Interface control with layer-by-layer assembled ionic polymers for efficient low-temperature dye-sensitized solar cells

Abstract

Herein we report a novel method for fabricating highly efficient dye-sensitized solar cells (DSCs) at low temperature (<150 °C). The ionic polymers of poly(allylamine hydrochloride) (PAH) and poly(sodium 4-styrenesulfonate) (PSS) were layer-by-layer deposited as an interfacial layer (IL) on the FTO substrate, before the nanoporous TiO₂ layer was coated by a typical doctor-blade method.
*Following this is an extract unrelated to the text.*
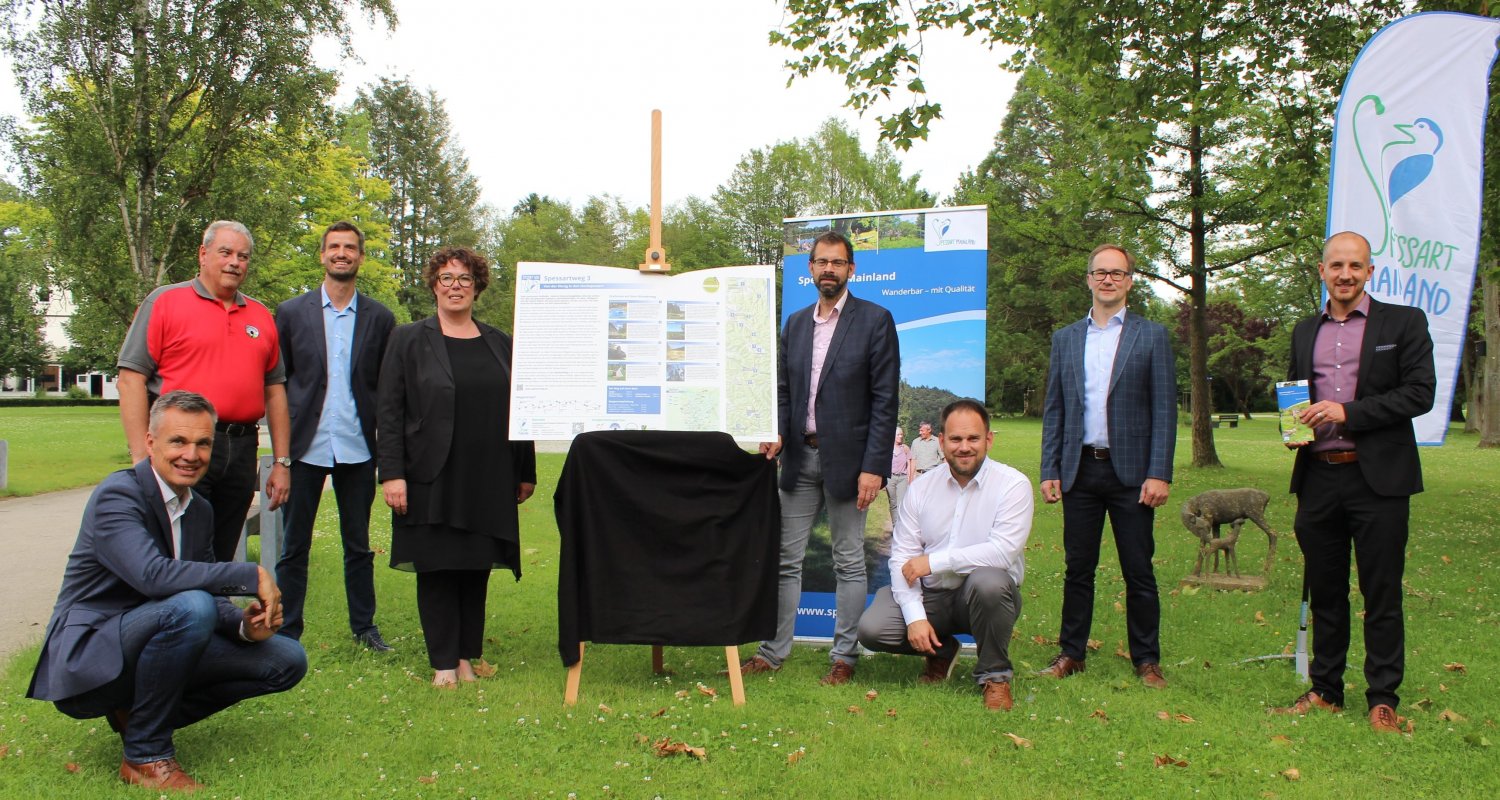 Ein freudiger Anlass war die Enthüllung der Infotafel des neuen Spessartwegs 3 in Bad Soden-Salmünster.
The presence of ultrathin (PAH/PSS)_n IL created excellent adhesion of the TiO₂ layer to the FTO substrate, leading to efficient transport of photo-injected electrons from TiO₂ to FTO, as well as blocking the back-transport reaction from FTO to I₃⁻. As a result, the fill factor (FF) was remarkably increased from 0.709 to 0.783, with a significant increase of the open circuit voltage (V_oc) from 760 to 803 mV and the short circuit current (J_sc) from 8.078 to 8.768 mA cm⁻², leading to the improvement of the photovoltaic conversion efficiency (η) from 4.41 to 5.52%. With optimization of the TiO₂ electrode structure, η of the DSC fabricated at 140 °C was enhanced to 7.14%.